Review of Stereo

Stereo (1969)
4/10
You're getting sleepy.
22 April 2006
At an Canadian Academy a group of people volunteer to be used as test subjects in an experiment to gain telepathic powers to communicate with after their ability to communicate through speech was removed. Then we slowly watch how the results turn out with sudden changes and obstacles put into motion to see how they adapt to it. While, throughout the observers constantly update us with their progress.
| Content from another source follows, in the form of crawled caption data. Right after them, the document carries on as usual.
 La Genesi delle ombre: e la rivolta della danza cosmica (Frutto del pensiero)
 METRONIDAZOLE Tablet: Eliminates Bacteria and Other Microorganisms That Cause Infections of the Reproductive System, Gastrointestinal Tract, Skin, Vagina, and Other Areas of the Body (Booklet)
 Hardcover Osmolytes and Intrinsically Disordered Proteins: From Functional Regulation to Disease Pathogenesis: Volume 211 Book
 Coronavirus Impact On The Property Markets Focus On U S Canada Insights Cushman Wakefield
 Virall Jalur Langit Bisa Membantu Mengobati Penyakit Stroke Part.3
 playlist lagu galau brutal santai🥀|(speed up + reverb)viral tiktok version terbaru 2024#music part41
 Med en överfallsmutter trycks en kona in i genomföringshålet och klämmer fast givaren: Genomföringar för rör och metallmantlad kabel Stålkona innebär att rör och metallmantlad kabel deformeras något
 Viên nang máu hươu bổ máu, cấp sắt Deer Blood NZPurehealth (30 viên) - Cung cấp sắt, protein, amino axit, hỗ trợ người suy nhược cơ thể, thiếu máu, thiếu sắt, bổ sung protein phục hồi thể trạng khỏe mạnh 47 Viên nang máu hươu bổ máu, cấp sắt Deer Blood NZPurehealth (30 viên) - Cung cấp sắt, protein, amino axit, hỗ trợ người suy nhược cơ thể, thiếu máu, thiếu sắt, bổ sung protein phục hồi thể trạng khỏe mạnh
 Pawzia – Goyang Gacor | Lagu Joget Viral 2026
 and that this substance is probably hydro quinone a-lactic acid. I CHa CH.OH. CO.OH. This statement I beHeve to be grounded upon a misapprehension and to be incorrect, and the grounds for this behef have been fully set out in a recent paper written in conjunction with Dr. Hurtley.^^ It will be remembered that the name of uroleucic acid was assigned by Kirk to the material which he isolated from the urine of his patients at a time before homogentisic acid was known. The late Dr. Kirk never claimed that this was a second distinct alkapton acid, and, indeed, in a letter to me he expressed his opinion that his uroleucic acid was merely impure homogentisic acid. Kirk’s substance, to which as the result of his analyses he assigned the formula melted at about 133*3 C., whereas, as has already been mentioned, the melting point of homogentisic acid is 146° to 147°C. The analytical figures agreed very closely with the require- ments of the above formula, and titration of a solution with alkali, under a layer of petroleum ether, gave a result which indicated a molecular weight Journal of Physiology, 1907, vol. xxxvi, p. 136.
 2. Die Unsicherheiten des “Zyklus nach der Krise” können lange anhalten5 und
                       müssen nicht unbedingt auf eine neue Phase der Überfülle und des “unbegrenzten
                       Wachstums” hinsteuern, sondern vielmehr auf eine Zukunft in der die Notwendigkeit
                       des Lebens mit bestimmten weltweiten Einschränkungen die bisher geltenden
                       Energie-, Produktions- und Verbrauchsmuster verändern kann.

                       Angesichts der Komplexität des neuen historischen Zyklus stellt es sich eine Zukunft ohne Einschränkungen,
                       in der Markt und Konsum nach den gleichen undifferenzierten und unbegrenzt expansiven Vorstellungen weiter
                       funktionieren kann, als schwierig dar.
Was it a big mistake that I decided to watch this early Cronenberg art-flick before I went to bed. Maybe so, maybe not? I was fighting to keep my eyes open towards the end, but I can see why people were derailed by this experience. This oddity is real hard to get into and it only goes for about hour, but it does seem longer. Way longer! I wasn't entirely bored from this outing, but I did become rather restless in the final twenty minutes. The film is shot in black & white and there's real no sound, other than a voice-over that crops up every now again. This exhausting narration is bluntly monotonous with it's thick technical jargon that sometimes doesn't always tie in to what's happening on screen and you really have to concentrate to have a clue about what's going. At times I fell in and out of the context, but I still had some sort of an idea to what was happening. It goes on to relate telepathic power with sexual awaking, while looking into the behavioural patterns of these erotic and ESP activities and signals. Most of the time it feels like the film is meandering about aimlessly with a bunch of method actors who are just performing for a live crowd. Like a fellow has user has already mention it does feel like a documentary. While, the intellectual study might be a clever idea, but you can't help but feel disconnected from this lifeless exploration. The look of the film showcases the professional eye that Cronenberg would go on to incorporate into his latter flicks and this was his first 35mm shot project. The atmosphere has a lonely, out-of-this world feel with it's abstract backdrop that lingers on screen. The finesse and execution of such transfixed images is what kept me watching, really. This was the cold and distant style Cronenberg would go one to make his own and the sub-text of the plot shows up again in some way in the film "Scanners".

If you want to be entertained, look elsewhere because you'll mostly be frustrated. But if you want to see where it all began for Cronenberg look no further than here.